The problem: The reply should hold only the lines below beginning at the one with "dark blue Женская" and ending at the one with "Claw-Prong Three-Stone Engagement", copied exactly, with every picture left out.

Data to use:
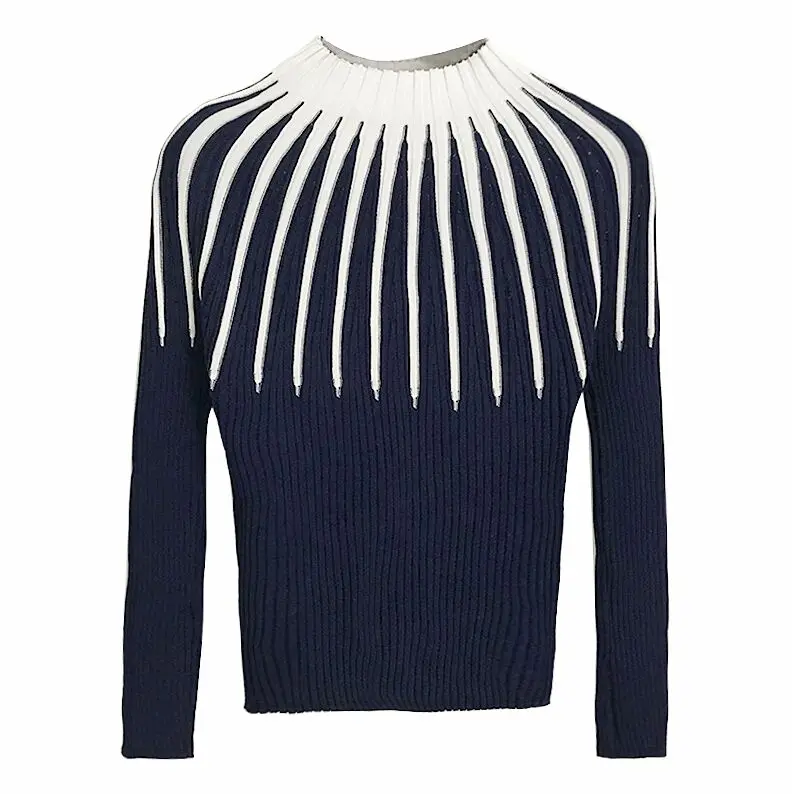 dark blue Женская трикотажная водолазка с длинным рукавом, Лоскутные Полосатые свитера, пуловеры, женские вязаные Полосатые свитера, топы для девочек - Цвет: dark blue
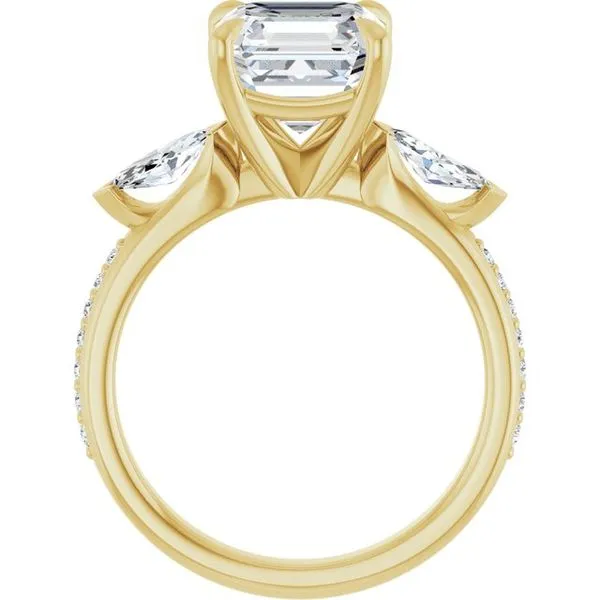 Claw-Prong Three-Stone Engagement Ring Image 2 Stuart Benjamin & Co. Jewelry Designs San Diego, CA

==

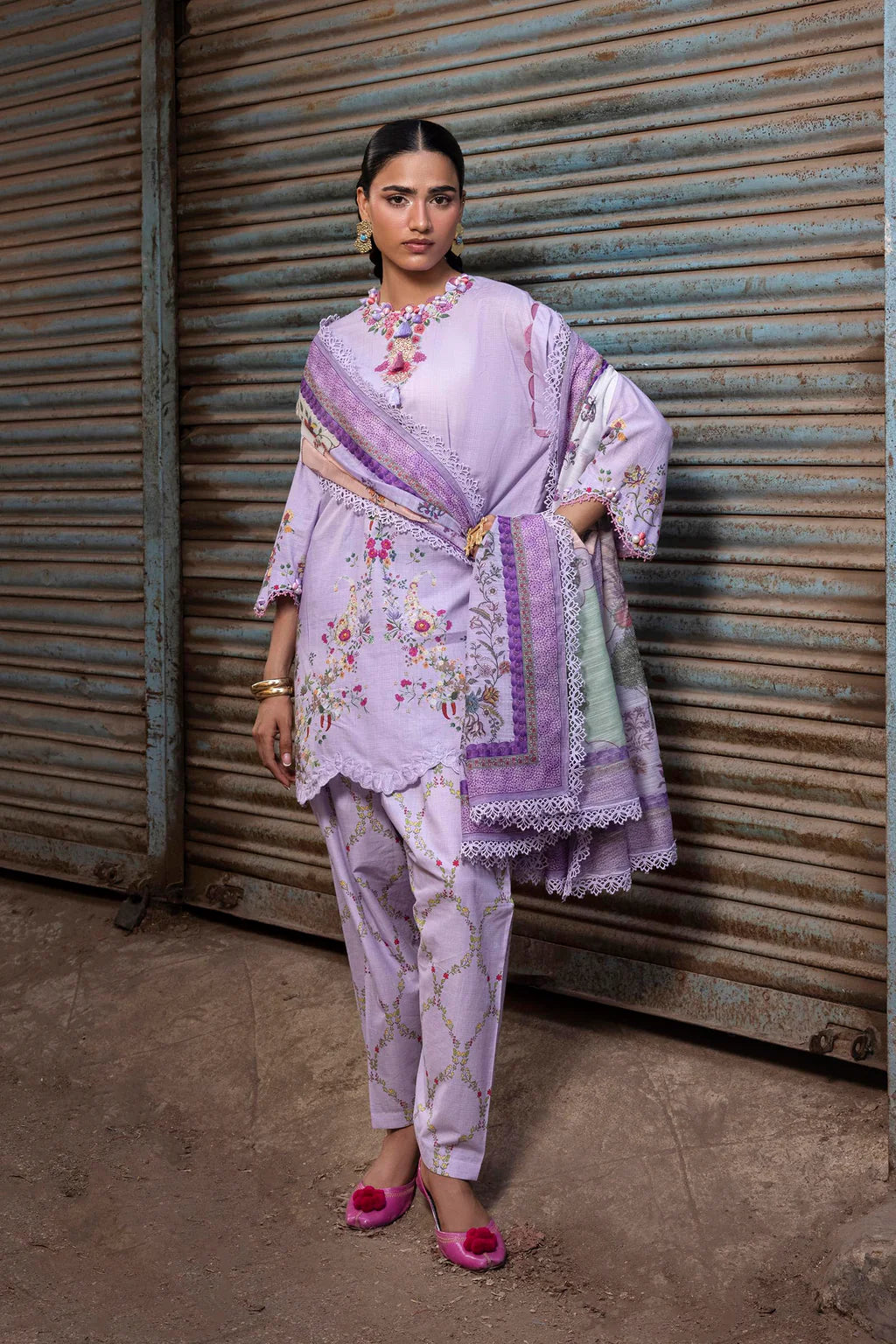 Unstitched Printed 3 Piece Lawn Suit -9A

---

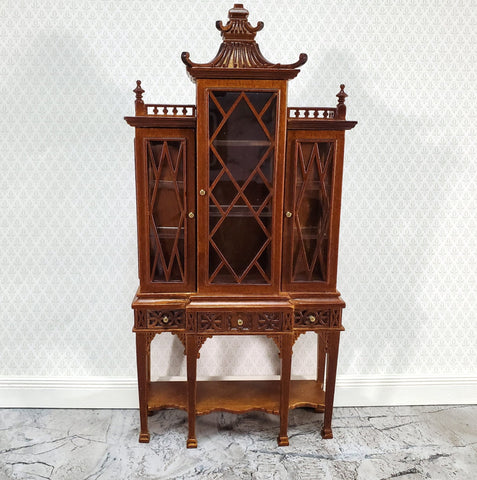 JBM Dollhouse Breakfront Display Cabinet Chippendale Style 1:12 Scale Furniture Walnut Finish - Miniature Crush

Answer section:
 dark blue Женская трикотажная водолазка с длинным рукавом, Лоскутные Полосатые свитера, пуловеры, женские вязаные Полосатые свитера, топы для девочек - Цвет: dark blue
 Claw-Prong Three-Stone Engagement Ring Image 2 Stuart Benjamin & Co. Jewelry Designs San Diego, CA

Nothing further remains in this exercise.